____ Data section

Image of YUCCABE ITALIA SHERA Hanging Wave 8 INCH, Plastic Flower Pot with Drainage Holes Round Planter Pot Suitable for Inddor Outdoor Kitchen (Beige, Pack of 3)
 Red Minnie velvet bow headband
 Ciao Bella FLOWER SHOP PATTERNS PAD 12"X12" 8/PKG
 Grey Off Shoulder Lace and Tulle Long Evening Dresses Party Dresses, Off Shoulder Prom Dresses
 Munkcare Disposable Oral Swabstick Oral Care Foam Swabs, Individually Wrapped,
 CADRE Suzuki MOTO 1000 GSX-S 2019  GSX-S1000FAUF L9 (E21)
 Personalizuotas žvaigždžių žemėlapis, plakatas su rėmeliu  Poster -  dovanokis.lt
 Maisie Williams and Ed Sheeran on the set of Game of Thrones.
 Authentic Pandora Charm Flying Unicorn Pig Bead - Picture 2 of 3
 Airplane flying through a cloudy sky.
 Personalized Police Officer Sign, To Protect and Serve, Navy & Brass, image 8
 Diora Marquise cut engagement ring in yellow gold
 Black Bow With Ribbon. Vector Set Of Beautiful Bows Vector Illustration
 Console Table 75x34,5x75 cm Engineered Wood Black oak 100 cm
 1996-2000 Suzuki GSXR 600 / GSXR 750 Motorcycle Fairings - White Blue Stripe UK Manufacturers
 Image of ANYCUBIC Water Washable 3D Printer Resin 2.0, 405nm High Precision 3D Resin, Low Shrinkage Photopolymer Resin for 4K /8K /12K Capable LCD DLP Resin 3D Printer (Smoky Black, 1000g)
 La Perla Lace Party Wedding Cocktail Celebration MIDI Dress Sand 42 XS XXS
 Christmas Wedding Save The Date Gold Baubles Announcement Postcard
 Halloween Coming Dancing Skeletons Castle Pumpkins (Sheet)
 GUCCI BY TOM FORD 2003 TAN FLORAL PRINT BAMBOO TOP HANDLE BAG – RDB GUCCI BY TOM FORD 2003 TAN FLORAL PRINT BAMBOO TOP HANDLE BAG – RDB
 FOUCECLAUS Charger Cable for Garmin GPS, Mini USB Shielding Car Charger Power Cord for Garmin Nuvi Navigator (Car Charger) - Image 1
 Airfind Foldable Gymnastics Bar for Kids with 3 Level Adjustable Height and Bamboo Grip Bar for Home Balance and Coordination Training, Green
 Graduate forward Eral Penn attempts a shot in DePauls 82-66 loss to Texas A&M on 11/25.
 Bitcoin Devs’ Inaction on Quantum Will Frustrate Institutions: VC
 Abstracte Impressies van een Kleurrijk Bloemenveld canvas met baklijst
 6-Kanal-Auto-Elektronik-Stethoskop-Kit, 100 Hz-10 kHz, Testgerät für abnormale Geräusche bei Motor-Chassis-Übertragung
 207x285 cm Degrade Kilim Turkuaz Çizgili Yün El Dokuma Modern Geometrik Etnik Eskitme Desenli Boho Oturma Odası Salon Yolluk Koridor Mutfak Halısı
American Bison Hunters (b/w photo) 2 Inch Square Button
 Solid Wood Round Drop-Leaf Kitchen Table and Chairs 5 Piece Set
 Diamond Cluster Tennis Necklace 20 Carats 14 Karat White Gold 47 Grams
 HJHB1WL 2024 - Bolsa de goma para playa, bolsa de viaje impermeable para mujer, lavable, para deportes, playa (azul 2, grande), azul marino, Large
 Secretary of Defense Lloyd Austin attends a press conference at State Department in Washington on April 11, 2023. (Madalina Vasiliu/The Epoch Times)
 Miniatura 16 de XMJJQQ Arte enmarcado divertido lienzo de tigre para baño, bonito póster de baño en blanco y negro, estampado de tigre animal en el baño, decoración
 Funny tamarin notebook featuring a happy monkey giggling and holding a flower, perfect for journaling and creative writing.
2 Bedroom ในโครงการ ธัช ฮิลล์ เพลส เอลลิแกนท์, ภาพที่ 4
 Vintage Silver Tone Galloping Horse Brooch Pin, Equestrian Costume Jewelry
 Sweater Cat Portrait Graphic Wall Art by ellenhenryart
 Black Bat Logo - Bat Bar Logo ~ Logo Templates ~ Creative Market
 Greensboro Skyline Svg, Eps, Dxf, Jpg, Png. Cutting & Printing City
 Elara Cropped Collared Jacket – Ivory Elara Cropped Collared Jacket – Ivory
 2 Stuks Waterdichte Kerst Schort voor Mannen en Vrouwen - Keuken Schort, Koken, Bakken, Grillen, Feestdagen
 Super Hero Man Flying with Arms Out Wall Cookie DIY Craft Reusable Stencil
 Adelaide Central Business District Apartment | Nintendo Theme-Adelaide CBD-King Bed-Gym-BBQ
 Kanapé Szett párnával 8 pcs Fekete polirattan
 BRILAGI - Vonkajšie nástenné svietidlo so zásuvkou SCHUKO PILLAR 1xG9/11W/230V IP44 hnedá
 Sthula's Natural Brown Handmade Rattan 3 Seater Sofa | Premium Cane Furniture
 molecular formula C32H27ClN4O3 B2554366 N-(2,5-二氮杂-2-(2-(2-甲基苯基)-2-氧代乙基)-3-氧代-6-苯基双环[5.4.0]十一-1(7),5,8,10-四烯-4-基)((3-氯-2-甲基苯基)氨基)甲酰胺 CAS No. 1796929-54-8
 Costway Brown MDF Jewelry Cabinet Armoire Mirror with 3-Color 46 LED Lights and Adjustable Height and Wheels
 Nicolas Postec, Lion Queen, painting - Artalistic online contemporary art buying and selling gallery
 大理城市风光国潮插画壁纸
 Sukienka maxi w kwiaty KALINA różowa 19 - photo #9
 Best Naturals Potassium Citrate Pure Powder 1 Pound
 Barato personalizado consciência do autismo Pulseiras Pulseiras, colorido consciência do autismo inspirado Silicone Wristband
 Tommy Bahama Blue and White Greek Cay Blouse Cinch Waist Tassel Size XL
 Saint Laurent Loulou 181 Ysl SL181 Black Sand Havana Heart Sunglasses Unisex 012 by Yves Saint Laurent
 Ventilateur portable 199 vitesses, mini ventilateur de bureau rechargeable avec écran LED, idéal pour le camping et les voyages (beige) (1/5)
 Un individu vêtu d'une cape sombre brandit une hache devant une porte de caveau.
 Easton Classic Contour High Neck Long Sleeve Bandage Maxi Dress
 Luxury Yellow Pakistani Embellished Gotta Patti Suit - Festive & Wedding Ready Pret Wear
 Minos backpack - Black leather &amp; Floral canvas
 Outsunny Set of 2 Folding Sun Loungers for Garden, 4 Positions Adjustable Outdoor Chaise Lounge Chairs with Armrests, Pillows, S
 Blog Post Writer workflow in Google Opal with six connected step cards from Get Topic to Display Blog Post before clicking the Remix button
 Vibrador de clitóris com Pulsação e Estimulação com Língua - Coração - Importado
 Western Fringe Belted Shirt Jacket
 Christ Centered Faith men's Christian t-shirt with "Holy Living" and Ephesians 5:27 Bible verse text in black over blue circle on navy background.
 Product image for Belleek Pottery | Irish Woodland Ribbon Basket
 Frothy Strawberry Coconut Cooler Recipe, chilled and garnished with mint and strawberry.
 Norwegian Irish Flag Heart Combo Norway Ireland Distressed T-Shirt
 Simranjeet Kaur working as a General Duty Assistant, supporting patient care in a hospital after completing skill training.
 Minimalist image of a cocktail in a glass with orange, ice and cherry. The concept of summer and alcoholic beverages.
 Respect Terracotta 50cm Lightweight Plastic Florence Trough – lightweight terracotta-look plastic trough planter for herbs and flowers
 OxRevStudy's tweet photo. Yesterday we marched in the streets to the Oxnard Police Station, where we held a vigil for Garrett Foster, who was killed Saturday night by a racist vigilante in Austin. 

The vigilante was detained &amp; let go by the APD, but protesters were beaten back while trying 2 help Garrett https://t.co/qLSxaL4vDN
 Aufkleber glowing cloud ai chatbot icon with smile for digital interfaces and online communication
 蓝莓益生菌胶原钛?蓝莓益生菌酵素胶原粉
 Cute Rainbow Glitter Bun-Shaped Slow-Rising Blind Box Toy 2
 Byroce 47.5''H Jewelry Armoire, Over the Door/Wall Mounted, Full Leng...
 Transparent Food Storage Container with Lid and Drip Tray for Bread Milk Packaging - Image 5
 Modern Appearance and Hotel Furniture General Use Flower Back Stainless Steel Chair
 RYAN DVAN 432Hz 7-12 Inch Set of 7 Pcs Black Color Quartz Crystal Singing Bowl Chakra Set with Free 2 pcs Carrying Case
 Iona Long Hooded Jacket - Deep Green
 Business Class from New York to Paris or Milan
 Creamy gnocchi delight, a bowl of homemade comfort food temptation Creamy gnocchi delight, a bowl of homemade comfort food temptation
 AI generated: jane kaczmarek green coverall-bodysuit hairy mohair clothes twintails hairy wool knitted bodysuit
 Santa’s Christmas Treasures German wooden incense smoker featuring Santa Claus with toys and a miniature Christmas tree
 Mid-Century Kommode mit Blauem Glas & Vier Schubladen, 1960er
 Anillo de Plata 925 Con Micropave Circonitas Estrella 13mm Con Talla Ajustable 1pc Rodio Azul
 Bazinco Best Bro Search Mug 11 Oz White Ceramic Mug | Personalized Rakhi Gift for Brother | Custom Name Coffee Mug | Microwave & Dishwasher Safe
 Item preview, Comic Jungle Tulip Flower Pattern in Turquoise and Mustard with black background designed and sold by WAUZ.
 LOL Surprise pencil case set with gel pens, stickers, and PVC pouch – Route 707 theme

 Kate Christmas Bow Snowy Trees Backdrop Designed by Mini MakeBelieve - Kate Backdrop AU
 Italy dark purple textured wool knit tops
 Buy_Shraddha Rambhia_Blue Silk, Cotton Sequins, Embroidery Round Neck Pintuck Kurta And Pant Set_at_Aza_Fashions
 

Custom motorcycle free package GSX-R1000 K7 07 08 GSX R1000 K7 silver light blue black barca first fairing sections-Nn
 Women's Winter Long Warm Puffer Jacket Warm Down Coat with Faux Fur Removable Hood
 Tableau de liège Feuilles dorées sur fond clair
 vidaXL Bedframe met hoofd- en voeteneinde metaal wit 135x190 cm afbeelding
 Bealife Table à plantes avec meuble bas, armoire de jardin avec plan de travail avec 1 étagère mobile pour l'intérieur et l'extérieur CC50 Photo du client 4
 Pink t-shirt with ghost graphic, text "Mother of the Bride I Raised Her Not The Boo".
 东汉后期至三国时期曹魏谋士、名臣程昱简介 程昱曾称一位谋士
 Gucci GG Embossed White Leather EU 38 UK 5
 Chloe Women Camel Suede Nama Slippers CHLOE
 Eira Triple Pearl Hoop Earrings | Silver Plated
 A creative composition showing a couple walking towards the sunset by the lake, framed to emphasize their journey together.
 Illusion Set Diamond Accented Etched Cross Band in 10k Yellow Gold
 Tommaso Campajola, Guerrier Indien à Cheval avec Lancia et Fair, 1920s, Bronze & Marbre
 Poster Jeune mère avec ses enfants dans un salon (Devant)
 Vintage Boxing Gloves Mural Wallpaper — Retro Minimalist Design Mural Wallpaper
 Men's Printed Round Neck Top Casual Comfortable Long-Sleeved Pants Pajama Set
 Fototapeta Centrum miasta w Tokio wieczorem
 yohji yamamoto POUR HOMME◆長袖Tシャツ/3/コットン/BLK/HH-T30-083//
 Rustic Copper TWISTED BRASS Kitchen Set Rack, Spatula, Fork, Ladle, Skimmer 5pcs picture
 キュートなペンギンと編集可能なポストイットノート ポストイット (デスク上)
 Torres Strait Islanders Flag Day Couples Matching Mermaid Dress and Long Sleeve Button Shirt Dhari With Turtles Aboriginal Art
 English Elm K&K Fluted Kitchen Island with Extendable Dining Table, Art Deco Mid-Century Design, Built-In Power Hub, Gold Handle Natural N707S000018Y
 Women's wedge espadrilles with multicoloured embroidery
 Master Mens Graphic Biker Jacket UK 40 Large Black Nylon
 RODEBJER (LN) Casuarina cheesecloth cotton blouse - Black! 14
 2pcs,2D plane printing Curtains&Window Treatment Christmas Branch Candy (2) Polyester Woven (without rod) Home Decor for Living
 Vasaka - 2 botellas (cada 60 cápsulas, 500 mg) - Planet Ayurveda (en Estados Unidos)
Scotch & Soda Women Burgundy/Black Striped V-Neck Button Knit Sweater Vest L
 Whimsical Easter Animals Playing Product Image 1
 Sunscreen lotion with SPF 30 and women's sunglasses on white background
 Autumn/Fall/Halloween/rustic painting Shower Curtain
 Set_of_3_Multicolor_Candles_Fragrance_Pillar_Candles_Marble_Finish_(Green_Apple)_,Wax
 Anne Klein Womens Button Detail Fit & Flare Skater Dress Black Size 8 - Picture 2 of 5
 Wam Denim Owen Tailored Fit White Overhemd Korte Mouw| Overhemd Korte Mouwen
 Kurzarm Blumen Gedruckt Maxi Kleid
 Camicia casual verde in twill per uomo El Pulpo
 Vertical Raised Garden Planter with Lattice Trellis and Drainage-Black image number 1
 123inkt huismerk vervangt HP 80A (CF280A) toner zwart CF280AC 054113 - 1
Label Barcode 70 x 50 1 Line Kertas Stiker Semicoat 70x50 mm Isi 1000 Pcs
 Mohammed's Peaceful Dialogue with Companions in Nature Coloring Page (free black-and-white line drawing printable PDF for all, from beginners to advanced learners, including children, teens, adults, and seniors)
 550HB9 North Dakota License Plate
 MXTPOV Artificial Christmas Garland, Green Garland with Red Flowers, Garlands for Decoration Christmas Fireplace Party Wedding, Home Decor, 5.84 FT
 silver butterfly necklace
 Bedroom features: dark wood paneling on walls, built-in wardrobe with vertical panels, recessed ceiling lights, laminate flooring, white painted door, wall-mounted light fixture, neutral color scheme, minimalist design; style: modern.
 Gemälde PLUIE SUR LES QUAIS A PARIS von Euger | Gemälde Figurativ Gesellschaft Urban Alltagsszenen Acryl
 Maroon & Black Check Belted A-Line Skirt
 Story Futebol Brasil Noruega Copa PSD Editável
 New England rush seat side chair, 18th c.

________

What you will do —
Please, from the material above, copy only the lines from the line with "蓝莓益生菌胶原钛?蓝莓益生菌酵素胶原粉" up to and including the line with "food temptation Creamy", exactly as written.

Completed task —
 蓝莓益生菌胶原钛?蓝莓益生菌酵素胶原粉
 Cute Rainbow Glitter Bun-Shaped Slow-Rising Blind Box Toy 2
 Byroce 47.5''H Jewelry Armoire, Over the Door/Wall Mounted, Full Leng...
 Transparent Food Storage Container with Lid and Drip Tray for Bread Milk Packaging - Image 5
 Modern Appearance and Hotel Furniture General Use Flower Back Stainless Steel Chair
 RYAN DVAN 432Hz 7-12 Inch Set of 7 Pcs Black Color Quartz Crystal Singing Bowl Chakra Set with Free 2 pcs Carrying Case
 Iona Long Hooded Jacket - Deep Green
 Business Class from New York to Paris or Milan
 Creamy gnocchi delight, a bowl of homemade comfort food temptation Creamy gnocchi delight, a bowl of homemade comfort food temptation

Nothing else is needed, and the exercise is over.